# Mapping Economic Migration of mini-grid communities 

This could be changed to mapping economic development but let's discuss. 

## Introduction

Hi Isaiah, We'll use Python, Juypter notebooks and GitHub to create our insights. Each week we'll make additions to our code and to investigate this topic. 
This notebook is going to be a summary of all the data we have on Odyssey and what, how and why we'll use it to generate insights. 

## CBDA rules 

- No creditentials to be stored on GitHub - API Secrets etc. should be stored in the user_config.yml which is ignored by git. 
- No Developer data is to be stored on GitHub 
- This data is confidential and any findings should be aggregated and anonymous 
- Before pushing to GitHub clear all outputs from a juypter notebook 

## Objectives 

Let's agree these together. I've the following questions 

## Scope of Work 

The collaboration between the lab and Isaiah Lyons-Galante.

## Isaiah's Initial Questions: 
- How many different sites and customers do you have?
- Do you have dates commissioned and coordinates for all the sites?
- Do you have customer-level coordinates?
- Do you have customer-level consumption and revenue data?


In [None]:
# This is a very useful bit of code and we use it create HTML documents from Jupyter notebooks. 
# Compile using: "jupyter nbconvert introduction.ipynb --no-input --to html" to hide the code inputs 
import pandas as pd
import numpy as np
import plotly.express as px
import plotly
import os
from datetime import date
from datetime import datetime
import pytz

# We also use a repo_utils to store useful code throughout a project 
import repo_utils

plotly.offline.init_notebook_mode() # Allows publishing of notebook to HTML with plots. 

In [None]:
# This code queries our Odyssey database, finding the lastest recording from each of the sites we have data for. 
# We use this to assess which sites have sent us data lately. 
query = """
        SELECT dataKey.project.id, dataKey.project.name,
            dataKey.organization.name, metadata.project.country, metadata.project.latitude as latitude, metadata.project.longitude as longitude, metadata.project.status,
            metadata.dataProvider, MAX(timestamp) as timestamp, COUNT(DISTINCT dataKey.meter.id) meter_count
            FROM daily_meter_summary_logs
            GROUP BY dataKey.project.id, dataKey.project.name,
            dataKey.organization.name, metadata.project.country, metadata.project.status,
            metadata.dataProvider, latitude, longitude
        """

sm_res = repo_utils.query(query, show_progress=True)

df = sm_res
# Get the most recent timestamp for each project.id.

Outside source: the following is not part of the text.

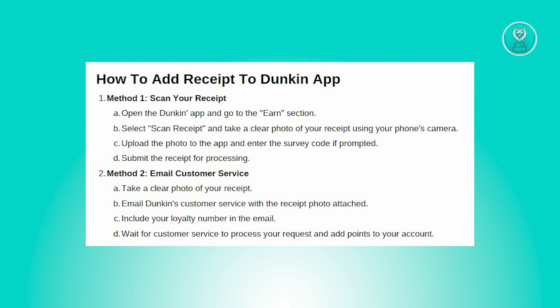The second method involves emailing customer service. First, take a clear photo of your receipt. Next, email Dunkin's customer service with the photo of your receipt attached. Make sure to include your loyalty number in the email, and then wait for customer service to process your request and add points to your account.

There are repeated values due to different data sources
df = df.sort_values(by=["site_id_odyssey", "timestamp"], ascending=False)
df = df.drop_duplicates(subset=["site_id_odyssey"], keep="first")

# Clean up the index
df = df.sort_values(by="timestamp", ascending=True)
df = df.reset_index(drop=True)

df["timestamp"] = pd.to_datetime(df["timestamp"], utc=True)
df["elapsed_time"] = (datetime.now(tz=pytz.utc) - df["timestamp"]).dt.days
df["data_source"] = df["data_source"].str.replace("OES", "File upload", regex=True)
df.drop(columns =["site", "metadata.project.status"])

Creating a simple visualisation to show the range of data freshness that we have and the size of the sites 

In [None]:
fig = px.scatter(df, x = "timestamp", y = "meter_count", color = "country")
fig.show()

In answer to your questions: 

In [None]:
print("We currently have ", len(df), "sites reporting data on our Odyssey database") # This gives you an idea of what sites we have and when they were last published.
print("Of these, there are: ", len(df[df["elapsed_time"] < 365 ]), " that have sent data to Odyssey in the last year.")
print("The latest total meter count is", sum(df["meter_count"]))
print("We have co-ordinates for: ", len(df[(df["elapsed_time"] < 365) & (~df["latitude"].isna()) & (~df["longitude"].isna()) ]), "sites")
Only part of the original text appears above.